Su legado es enorme y, sobre todo, está vivo. El hermano Roger nos dejó sus escritos, a pesar de que, en su opinión, debían modificarse constantemente para que se adaptaran a las nuevas situaciones. Incluso la regla de la comunidad, texto de base de nuestra vida en común, fue objeto de sus revisiones en varias ocasiones. Es como si quisiera que no nos adhiriéramos a las palabras o a las estructuras, sino que siempre nos abandonáramos al Espíritu Santo.

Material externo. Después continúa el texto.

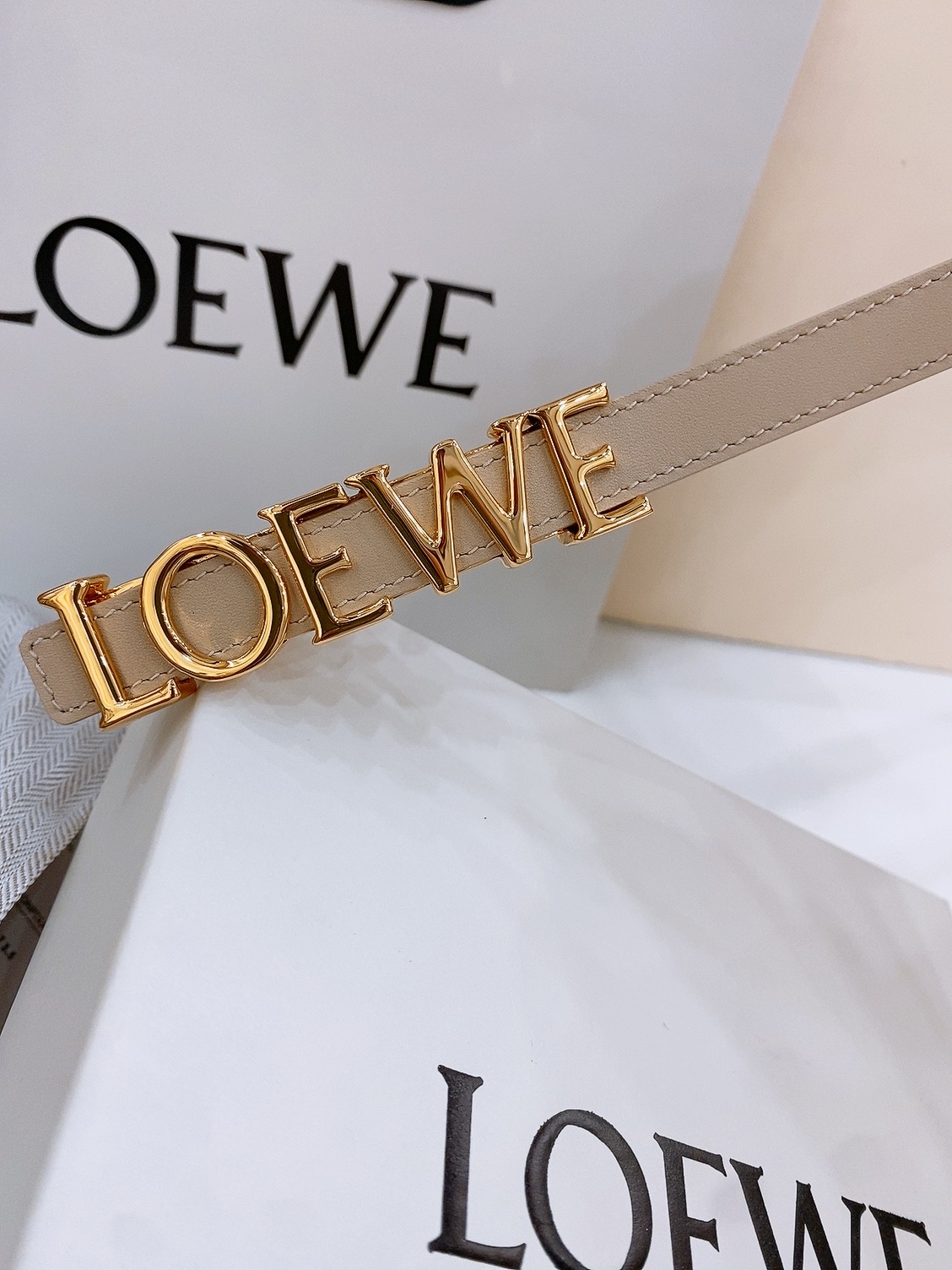 Loewe Smooth Cow Leather Belt with Metal Logo and Pentagonal Regulation - 图片 4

A través del Espíritu, Dios está presente en todos los seres humanos. El hermano Roger guardaba en su corazón a todos los seres humanos, de todas las naciones, sobre todo a los jóvenes y a los niños. Reinaba en él una pasión por la comunión. Con frecuencia repetía: «Cristo no vino a la tierra para crear una religión nueva, sino para otorgar a todo ser humano una comunión en Dios». Tal comunión única, la Iglesia, existe para todos, sin excepción.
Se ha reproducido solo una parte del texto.